Подводя итоги, трудно не вспомнить замечания Павла Муратова о масштабе в постановке проблем, или, как он выражается, о «высотах мироотгадывания», присущих культурной формации Вяч. Иванова и прежде всего ему самому [127]. И сами собой приходят в голову заключительные фразы статьи «Simbolismo», написанной в июле 1936 г. семидесятилетним поэтом для «Enciclopedia Italiana» [128], — в завидной ясности духа подведенный итог, в котором открытиям символистской поры по части вопросов, так и не решенных по сие время, дано преимущество над предлагавшимися ей же готовыми ответами:
«Школа, ценившая почетное, ныне же обессмысленное звание символизма, повсюду очевидным образом умерла вследствие своего /…/ первородного греха — вследствие внутреннего противоречия, изначально ей присущего; однако в ней жила бессмертная душа; и поскольку великие проблемы, ею поставленные, не нашли в ее пределах адекватного решения, все побуждает предвидеть в более или менее далеком будущем и в иных обликах какое-то очищенное проявление "символизма вечного"» [129] .
И какие бы вопросы — деликатные, суровые, просто критические — ни были у нас к Вяч. Иванову, одно мы должны неизменно чувствовать: насколько же сам этот человек умел ценить вопросы и не страшиться их, насколько он был для них открыт. В том числе и вопросам к нему самому.

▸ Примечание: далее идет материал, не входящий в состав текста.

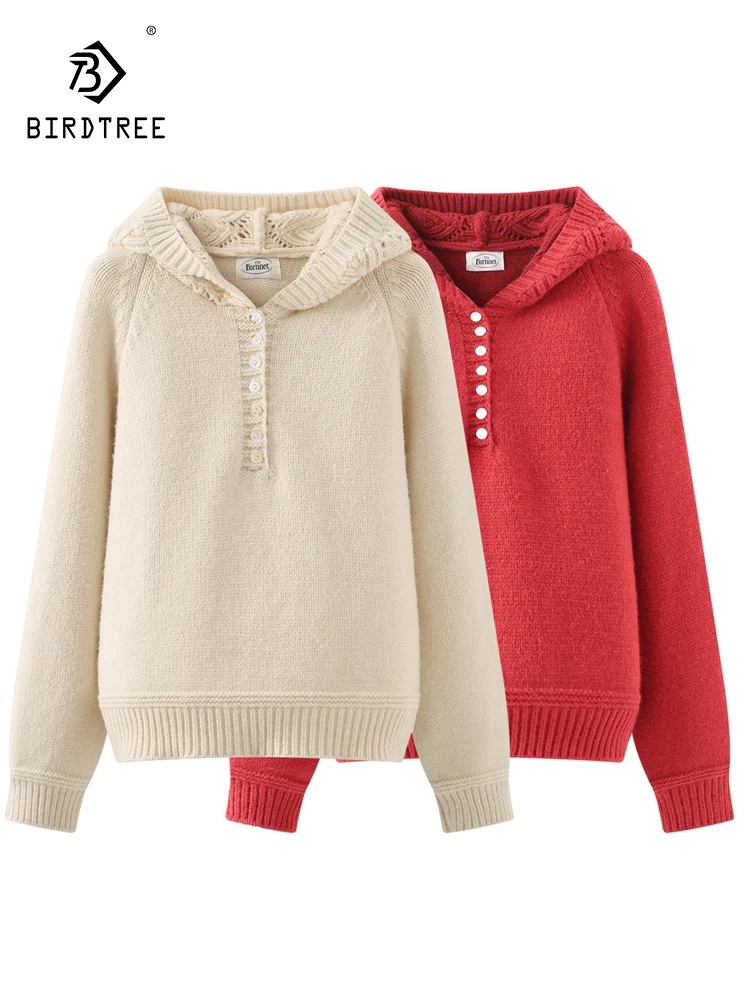 

Новинка 2026, весенний свитер с капюшоном из смеси хлопка, женский лоскутный свитер на пуговицах, вязаный пуловер в консервативном стиле Mori Girl T5D953CC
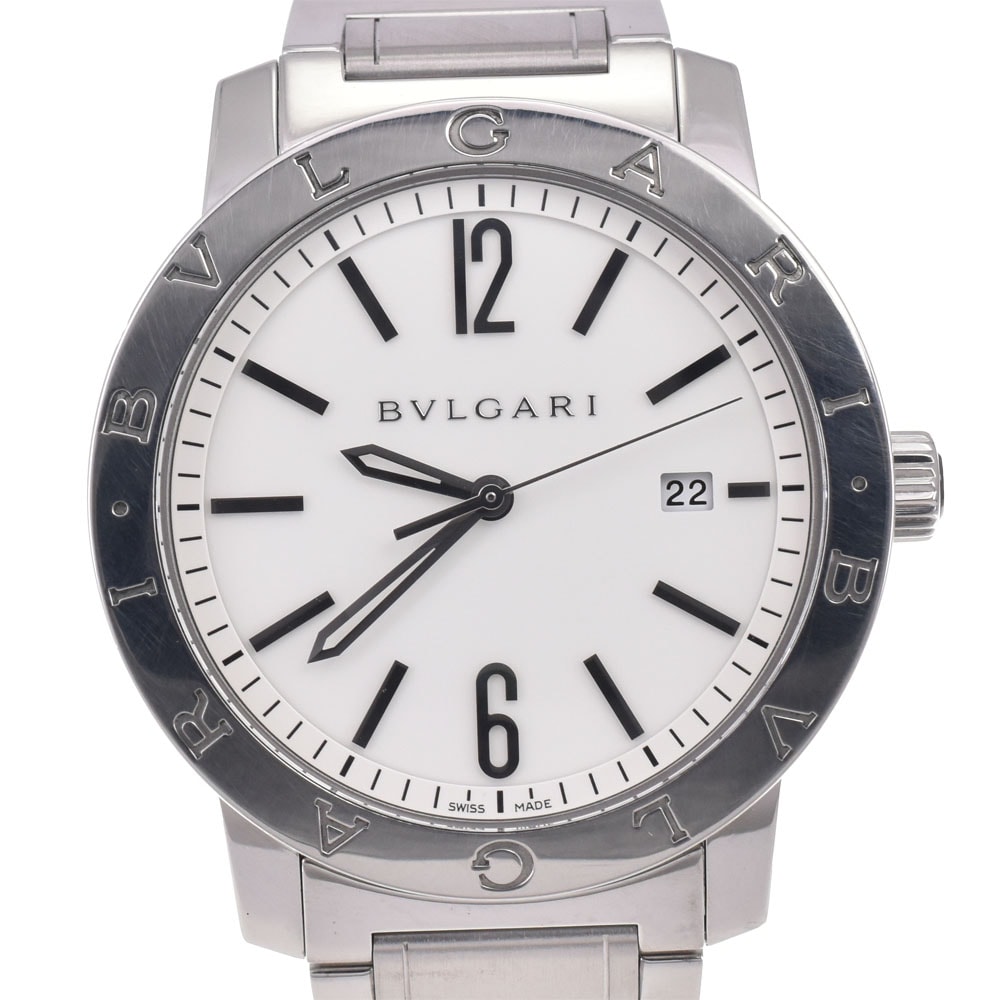 値下 ブルガリ BVLGARI BB41S ブルガリ ブルガリ ホワイト 自動巻き メンズ 美品 腕時計 G#147168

У него остается и сегодня одно преимущество над изобличителями: он диалогичен, они — нет. Его беспочвенная запредельностьвключает способность отрешиться также и от собственной личины, от собственной роли. Мы вправе нелицеприятно взвешивать и отмеривать pro и contra — но не должны при этом избегать его испытующего взгляда, который нет-нет, да и встретится с нашим.